If you're losing details, it's possible the DPI settings aren't the same as you've been using in the past. Make sure you're scanning it in at a decent DPI level - Around 300 should give you a fairly large and detailed scan. In addition, if the colours are off, try making sure that it's scanning in with a high colour mode. Generally, presets for coloured drawings and so on will use 256-colour modes, while you should use photograph presets if you want perfect colours.

Also, it's certainly possible for scanners to lose their sensitivity over time, but it generally doesn't happen very quickly. One thing you might do is try to clean the platen with a lint-free cloth and some eyeglass cleaner, as it's possible that it may be smudged or dirty.

One last thing: I can definitely make out JPEG artifacts in the second image, and this is probably a source of some of your troubles. Make sure when you scan it in that you use a format like PNG or BMP rather than JPEG or GIF. JPEG will slightly blur the image, and some colour information will be lost along with adding blocky artifacts. JPEG is best used for uploading to the web. GIF is limited to 256 colours, and is therefore not very good for much more than animation (PNG is better in every other way).


----------



## furiana (Jun 19, 2010)

How large were the original (real-life) drawings, Bir?  Did you have to resize the scanned images?  I recently discovered that some programs are better than others at resizing!


----------



## Stratelier (Jun 19, 2010)

In my personal experience (scanner = HP 4400c) I find that 150 dpi is plenty of detail already for everyday use.  "Web resolution" for an image is somewhere about the 75 dpi range anyway....  And as already mentioned, when you scan something make sure to save it in a lossless format (PNG or BMP) so that you can open it up for editing later and save only the final (web-ready) version as a JPG.

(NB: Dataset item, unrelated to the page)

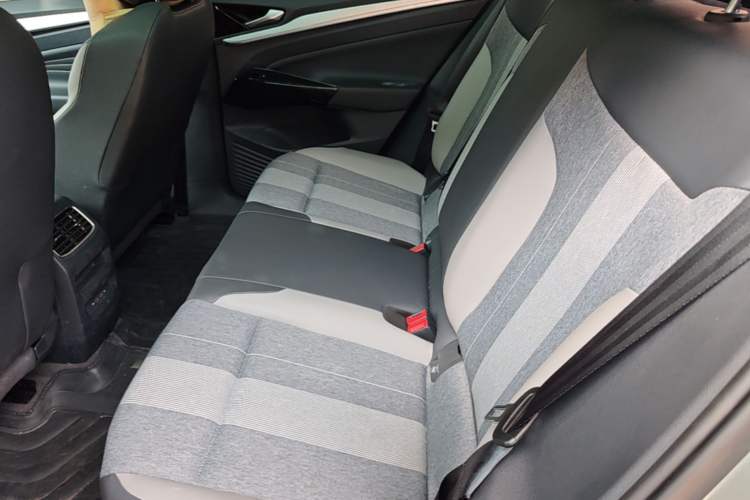 Used Volkswagen ID.4 CROZZ 2025 Pure Edition Left Rear Seat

You are correct that scanners are extremely sensitive to paper tooth, there is nothing you can do here but learn to embrace it.  Paper texture is a matter of _perception_, it's something that's always there but we just ignore it when looking at a drawing in real life.  Same goes for all those pencil lines that you sketched and erased while creating the work, they carved nice little impressions into the paper tooth and while _we_ can ignore it easily, the scanner doesn't have that luxury and will pick it right up.  However, sometimes you will find an "enhance" (sharpening) control in your scan utility that you can use to give it just little bit of leverage.

Also make sure you know where to find your scanner utility's exposure controls, especially the midtones (gamma) setting because that has the largest effect on perceived color quality.  Your first image looks slightly overexposed while the second image is much better in that department.


----------



## furiana (Jun 19, 2010)

Actually, that brings up a good point.  Did you use the same type of paper for both drawings?  And did you use fixative or anything on the second drawing that you didn't use on the first?  That could also change the surface of the paper, and therefore how it scans...


----------



## Bir (Jun 19, 2010)

Both of the drawings were drawn on sketchbook paper, the same kind. They're very very nearly the same size IRL, too. No resizing was done on the computer, and I'd actually LOVE if the scanner picked up all of the tooth. The more it picks up, the better. You brought up a great point though, that the second one looks very much like a JPEG victim. I'm gonna go ahead and try to scan it in once more with everyone's advice and see what happens.


----------



## furiana (Jun 19, 2010)

Bir said:
			
		

> They're very very nearly the same size IRL, too.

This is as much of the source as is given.